Mais certains chercheurs nuancent. « L’action culturelle sert trop souvent de maquillage institutionnel. Tant que le noyau reste dominé par des formes lourdes, les inégalités demeurent », estime Marie-Christine Bordex, professeure de communication à Grenoble.
Emmanuel Wallon, professeur de sociologie et des politiques culturelles souligne que
« l’excellence n’est pas neutre : elle fabrique du tri social en consacrant certaines formes au détriment d’autres. Beaucoup de gens ne viennent pas au théâtre parce qu’ils ne se sentent pas à leur place ».
« Il faut dépiédestaliser la culture,
la dégager de sa gangue hostile, pour en faire un lieu de fête. »
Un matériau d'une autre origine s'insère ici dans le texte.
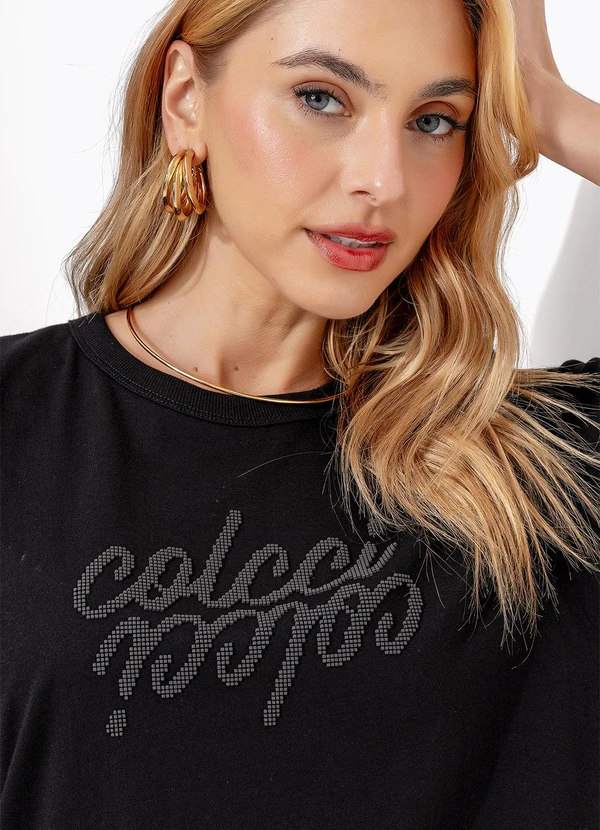 Colcci - Camiseta em Malha Preto 8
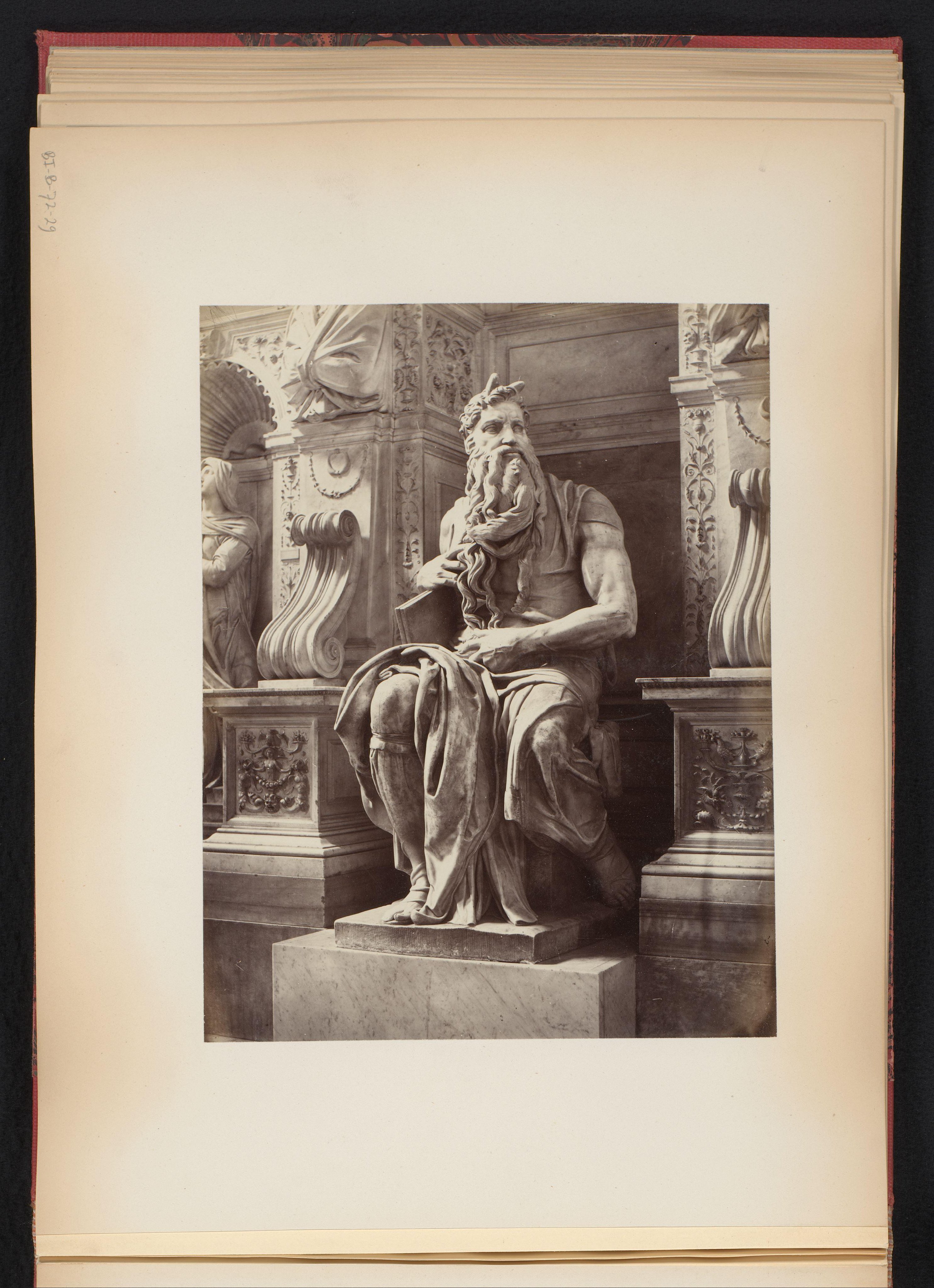 Sculptuur van Mozes door Michelangelo, monument voor Julius II, S. Pietro in Vincoli te Rome, Italië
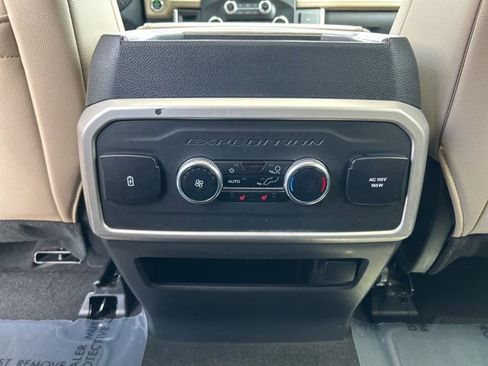 Used 2024 Ford Expedition Limited AWD/4WD image 16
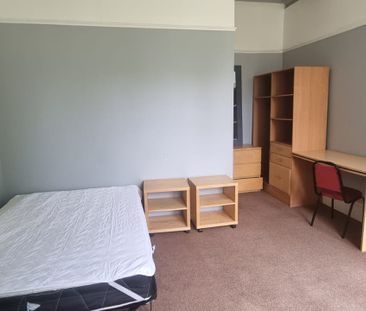 3 Bed - Flat 2, 1 North Grange Road, Headingley, Leeds - LS6 2BR - ... - Photo 4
Jacques Livchine Codirecteur du théâtre de l'Unité
Jean-Michel Lorcas, auteur de La démocratie culturelle n’est pas un slogan, souligne :
« Dans cette candidature, on retrouve le souffle du Manifeste de Villeurbanne : aller vers le non-public, inventer avec. Le mot “enrôlement” peut surprendre, mais il dit bien l’essentiel : on ne vient pas consommer, on vient participer. Il s’agit de reconnaître chacun comme sujet de culture». Cette conception déplace le centre de gravité : le public n’est plus une cible à atteindre, mais une composante essentielle de l’espace commun que devient le théâtre.
« Il faut dépiédestaliser la culture, la dégager de sa gangue hostile., pour en faire un lieu de fête. Se souvenir que la subvention doit être rendue à tous les habitants et pas seulement à une élite cultivée », insiste Jacques Livchine.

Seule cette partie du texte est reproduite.